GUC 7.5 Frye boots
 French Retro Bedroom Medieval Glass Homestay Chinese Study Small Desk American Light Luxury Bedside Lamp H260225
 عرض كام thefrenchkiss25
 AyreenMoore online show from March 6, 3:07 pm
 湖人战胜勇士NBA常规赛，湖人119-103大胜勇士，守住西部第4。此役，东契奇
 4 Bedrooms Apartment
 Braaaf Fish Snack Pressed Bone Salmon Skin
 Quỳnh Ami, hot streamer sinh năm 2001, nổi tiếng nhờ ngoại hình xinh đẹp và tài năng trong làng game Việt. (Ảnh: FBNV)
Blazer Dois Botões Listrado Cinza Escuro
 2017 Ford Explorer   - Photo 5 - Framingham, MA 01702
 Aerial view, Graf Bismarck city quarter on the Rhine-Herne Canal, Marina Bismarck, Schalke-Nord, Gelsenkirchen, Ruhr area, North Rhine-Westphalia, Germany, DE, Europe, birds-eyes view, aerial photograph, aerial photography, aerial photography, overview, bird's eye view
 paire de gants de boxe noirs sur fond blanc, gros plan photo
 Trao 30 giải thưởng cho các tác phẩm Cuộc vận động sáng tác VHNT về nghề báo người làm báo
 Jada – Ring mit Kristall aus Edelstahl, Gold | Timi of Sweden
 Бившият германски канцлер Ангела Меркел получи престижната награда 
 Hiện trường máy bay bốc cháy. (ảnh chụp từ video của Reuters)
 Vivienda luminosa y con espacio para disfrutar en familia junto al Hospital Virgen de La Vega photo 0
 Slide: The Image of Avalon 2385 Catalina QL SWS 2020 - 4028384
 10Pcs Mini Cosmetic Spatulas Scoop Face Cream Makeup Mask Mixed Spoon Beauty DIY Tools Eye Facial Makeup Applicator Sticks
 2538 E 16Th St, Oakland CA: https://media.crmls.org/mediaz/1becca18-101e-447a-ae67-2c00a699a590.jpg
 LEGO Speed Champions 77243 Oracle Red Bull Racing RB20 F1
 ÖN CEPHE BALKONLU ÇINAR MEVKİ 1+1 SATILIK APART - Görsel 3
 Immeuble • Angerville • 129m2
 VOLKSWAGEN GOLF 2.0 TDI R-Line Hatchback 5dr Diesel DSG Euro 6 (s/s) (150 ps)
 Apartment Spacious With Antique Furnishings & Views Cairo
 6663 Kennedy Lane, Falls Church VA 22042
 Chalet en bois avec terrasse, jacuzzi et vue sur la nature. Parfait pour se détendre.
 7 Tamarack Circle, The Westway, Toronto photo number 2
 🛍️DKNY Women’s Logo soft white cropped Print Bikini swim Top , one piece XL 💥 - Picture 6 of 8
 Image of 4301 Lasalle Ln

::::::

* What to produce: Return the entries above exactly as they were written.

* Completed task:
GUC 7.5 Frye boots
 French Retro Bedroom Medieval Glass Homestay Chinese Study Small Desk American Light Luxury Bedside Lamp H260225
 عرض كام thefrenchkiss25
 AyreenMoore online show from March 6, 3:07 pm
 湖人战胜勇士NBA常规赛，湖人119-103大胜勇士，守住西部第4。此役，东契奇
 4 Bedrooms Apartment
 Braaaf Fish Snack Pressed Bone Salmon Skin
 Quỳnh Ami, hot streamer sinh năm 2001, nổi tiếng nhờ ngoại hình xinh đẹp và tài năng trong làng game Việt. (Ảnh: FBNV)
Blazer Dois Botões Listrado Cinza Escuro
 2017 Ford Explorer   - Photo 5 - Framingham, MA 01702
 Aerial view, Graf Bismarck city quarter on the Rhine-Herne Canal, Marina Bismarck, Schalke-Nord, Gelsenkirchen, Ruhr area, North Rhine-Westphalia, Germany, DE, Europe, birds-eyes view, aerial photograph, aerial photography, aerial photography, overview, bird's eye view
 paire de gants de boxe noirs sur fond blanc, gros plan photo
 Trao 30 giải thưởng cho các tác phẩm Cuộc vận động sáng tác VHNT về nghề báo người làm báo
 Jada – Ring mit Kristall aus Edelstahl, Gold | Timi of Sweden
 Бившият германски канцлер Ангела Меркел получи престижната награда 
 Hiện trường máy bay bốc cháy. (ảnh chụp từ video của Reuters)
 Vivienda luminosa y con espacio para disfrutar en familia junto al Hospital Virgen de La Vega photo 0
 Slide: The Image of Avalon 2385 Catalina QL SWS 2020 - 4028384
 10Pcs Mini Cosmetic Spatulas Scoop Face Cream Makeup Mask Mixed Spoon Beauty DIY Tools Eye Facial Makeup Applicator Sticks
 2538 E 16Th St, Oakland CA: https://media.crmls.org/mediaz/1becca18-101e-447a-ae67-2c00a699a590.jpg
 LEGO Speed Champions 77243 Oracle Red Bull Racing RB20 F1
 ÖN CEPHE BALKONLU ÇINAR MEVKİ 1+1 SATILIK APART - Görsel 3
 Immeuble • Angerville • 129m2
 VOLKSWAGEN GOLF 2.0 TDI R-Line Hatchback 5dr Diesel DSG Euro 6 (s/s) (150 ps)
 Apartment Spacious With Antique Furnishings & Views Cairo
 6663 Kennedy Lane, Falls Church VA 22042
 Chalet en bois avec terrasse, jacuzzi et vue sur la nature. Parfait pour se détendre.
 7 Tamarack Circle, The Westway, Toronto photo number 2
 🛍️DKNY Women’s Logo soft white cropped Print Bikini swim Top , one piece XL 💥 - Picture 6 of 8
 Image of 4301 Lasalle Ln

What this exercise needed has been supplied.